Spearman correlation analysis was conducted between the PSG genes on the entire cohort in the TCGA LUAD, resulting in statistically significant p-values for all correlations. The statistical significance remained in all correlations of Spearman correlation analysis for each sex. The highest Spearman correlation coefficient (Rs) was observed between the PSG3 and PSG6 (Rs = 0.60, P < .0001) and the second highest Rs between the PSG4 and PSG9 (Rs = 0.59, P < .0001) as shown in Fig. 1(b). In Spearman correlation analysis between the PSG genes and 22 immune cell types in CIBERSORT, M0 macrophages yielded the four highest Rs in correlation with PSG5, PSG4, PSG9, and PSG6, resulting in Rs = 0.24, 0.23, 0.23, and 0.21 (all P < .0001), respectively (Supplemental Fig. 2).

Survival analysis

Kaplan–Meier analysis was conducted to investigate a difference in overall survival between the PSG+ and PSG− groups for each sex in the TCGA LUAD. Figure 2(a) shows Kaplan–Meier curves of overall survival with log-rank p-values for each PSG gene in the female group. Four genes, including PSG3, PSG5, PSG8, and PSG9, had statistical significance (P < .05) whereas, in the male group, only PSG2 had statistical significance but with a highly imbalanced sample size between the PSG+ (N = 15) and PSG− (N = 223) groups (Fig. 2(b)).

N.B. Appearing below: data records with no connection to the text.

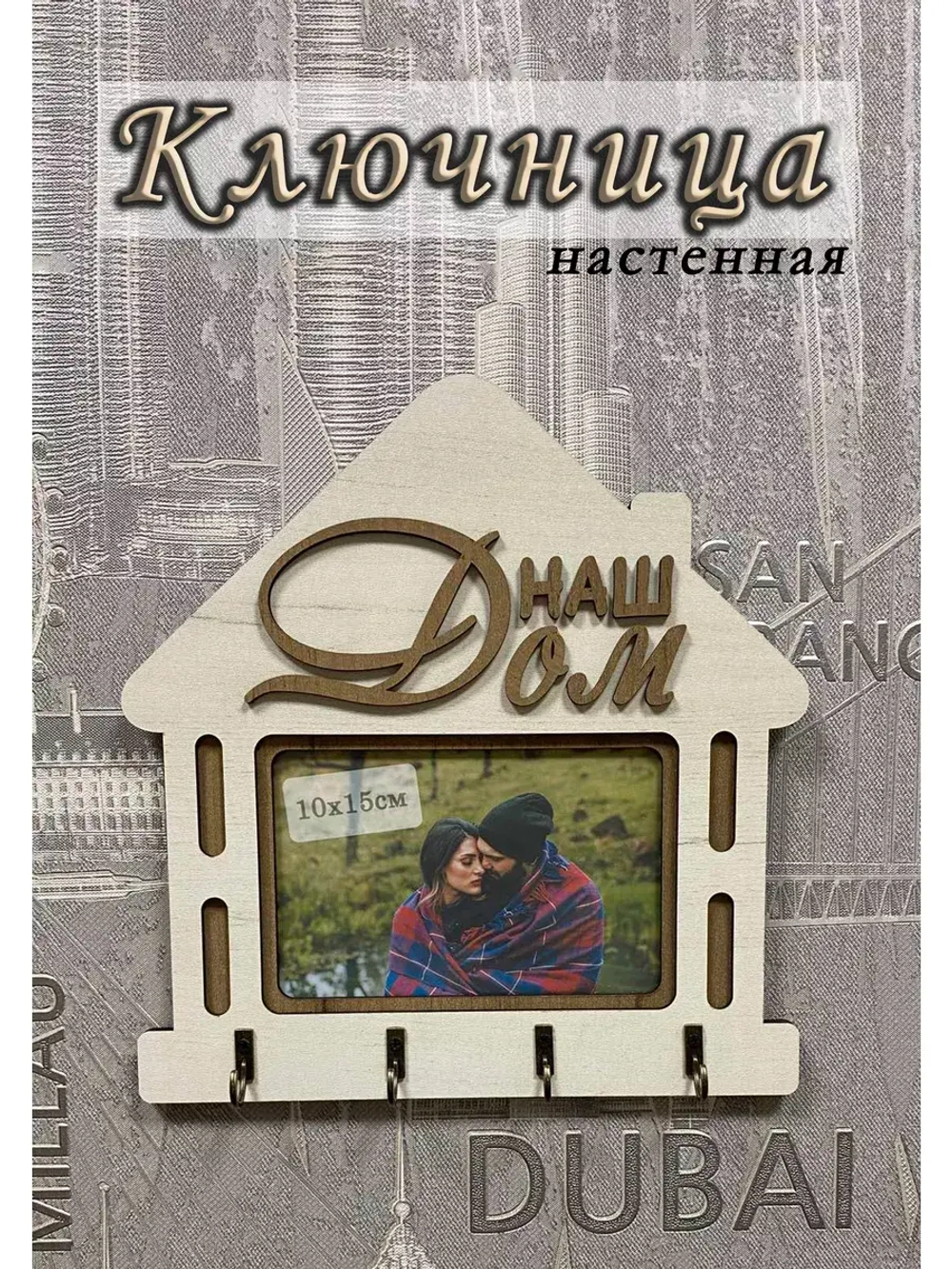 Ключница настенная "Наш Дом"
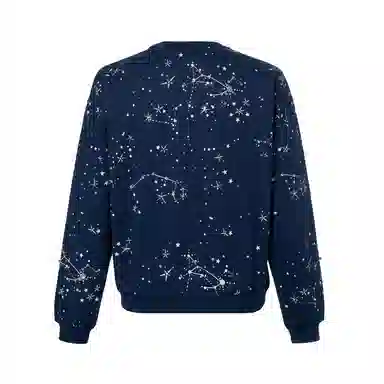 GUCCI FW22 Cosmogonie Logo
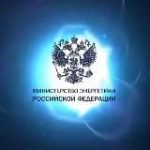 Минэнерго России
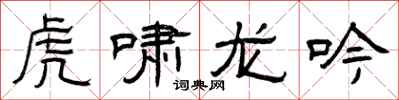 曾慶福虎嘯龍吟隸書怎么寫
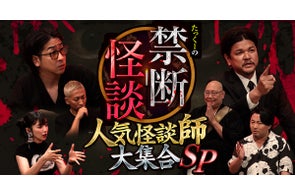 縦型ショートドラマアプリ「タテドラ」、オリジナル制作コンテンツ『たっくーの禁断怪談』シーズン4を9月25日(木)15時より配信開始!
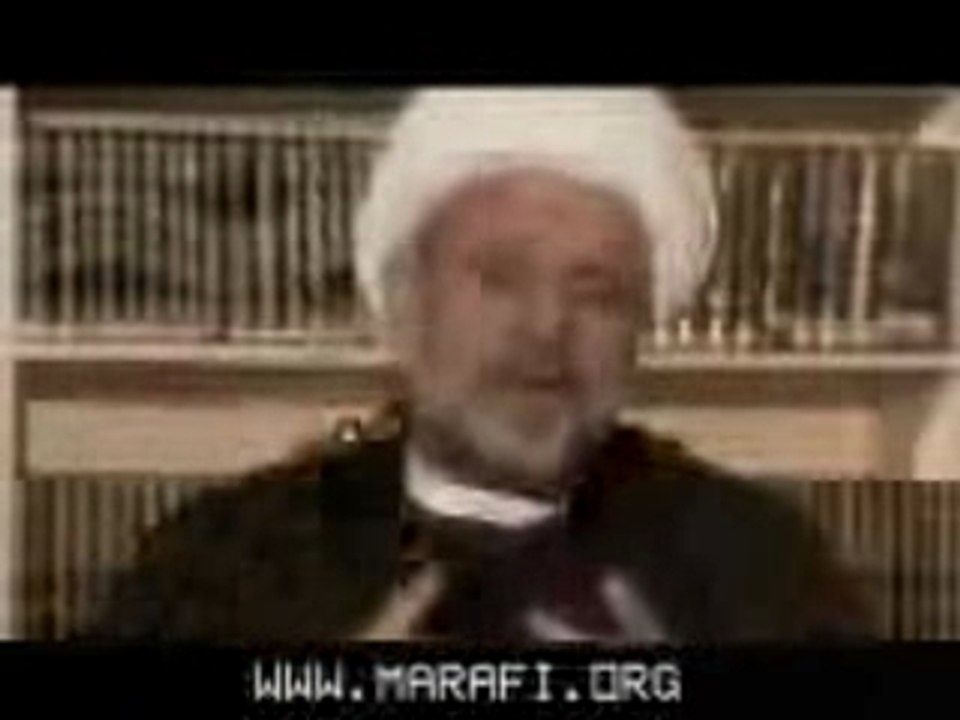 معرفة الله في فكر آل البيت الجزء 1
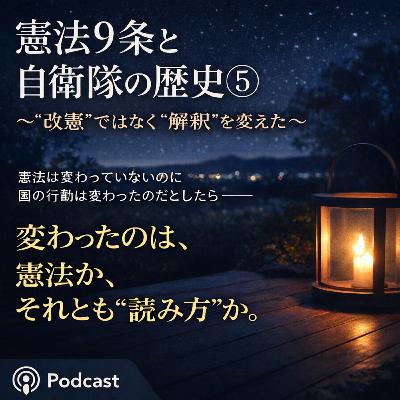 憲法9条と自衛隊の歴史⑤〜“改憲”ではなく“解釈”を変えた〜【現代史】#276 憲法9条と自衛隊の歴史⑤〜“改憲”ではなく“解釈”を変えた〜【現代史】#276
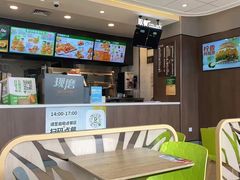 -德克士(通惠门店)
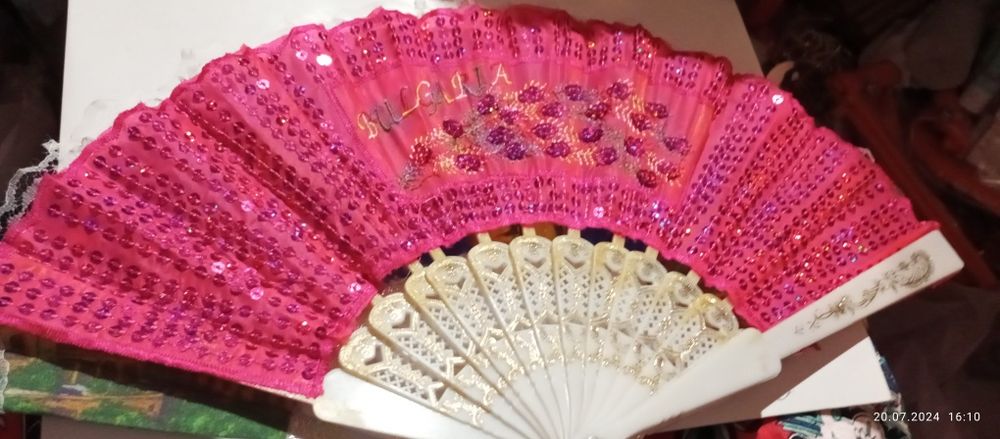 Веер Болгария Майорка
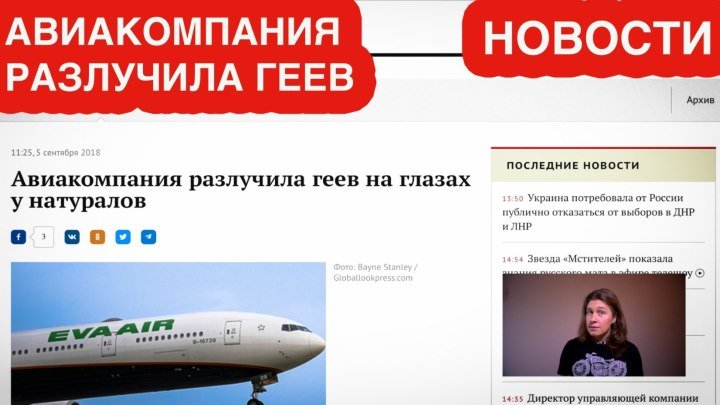 Авиакомпания разлучила геев. Яндекс помогает путешествовать. Опасная еда на отдыхе.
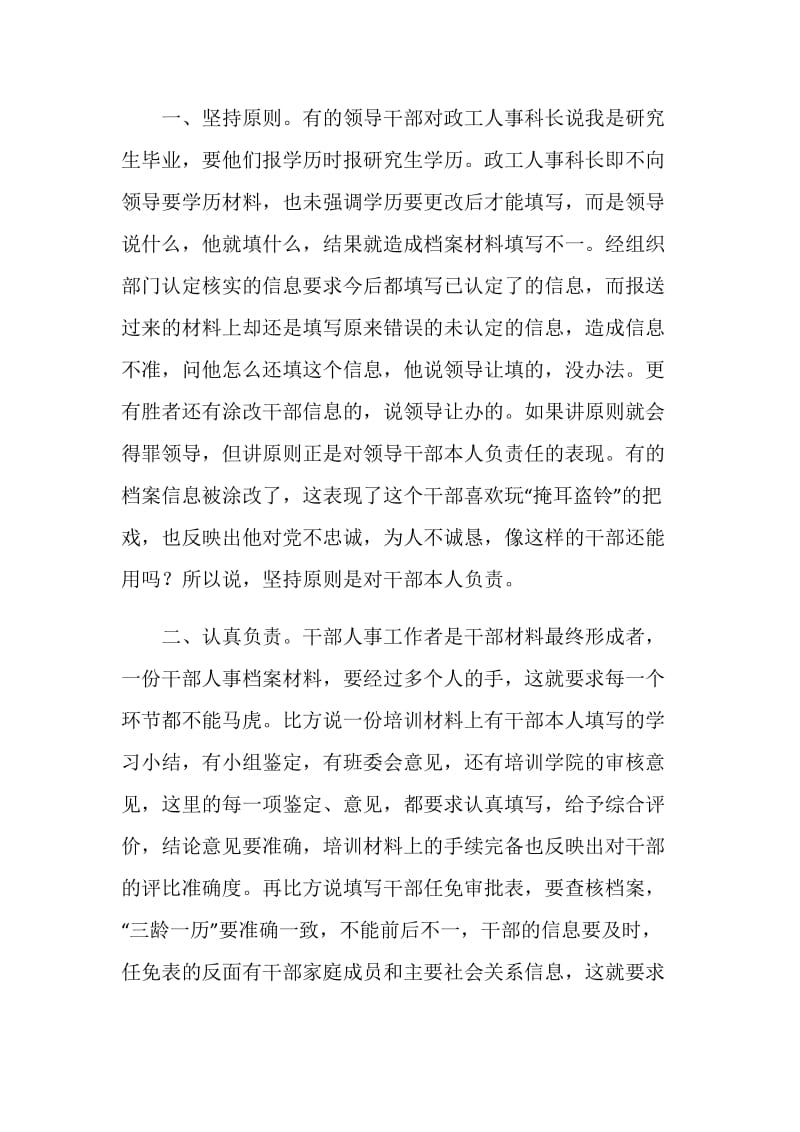 全省干部人事档案工作培训班心得体会.doc_第2页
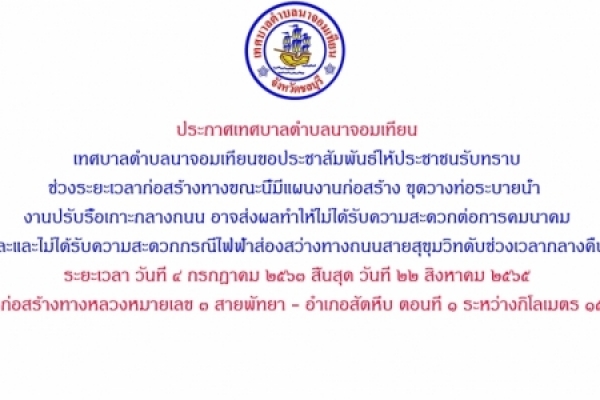 ประกาศเทศบาลตำบลนาจอมเทียน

Kaplan–Meier analysis of overall survival. A The female and B male groups in the TCGA LUAD.
Figure 2

Kaplan–Meier analysis of overall survival. A The female and B male groups in the TCGA LUAD.

An independent dataset in the CPTAC LUAD study was analyzed to validate the finding. Figure 3(a) shows Kaplan–Meier curves of overall survival with log-rank p-values for each PSG gene in the female group. Six PSG genes, including PSG1, PSG3, PSG4, PSG5, PSG6, and PSG8, had statistical significance whereas no statistically significant PSG gene between the PSG+ and PSG− groups was found in the male group (Fig. 3(b)). This finding suggests that there may be a differential sex effect of PSG genes on survival outcomes in LUAD. In particular, the observation that, in general, the PSG− group had higher survival probabilities than the PSG+ group indicates that expression of the PSG genes is associated with poor prognosis.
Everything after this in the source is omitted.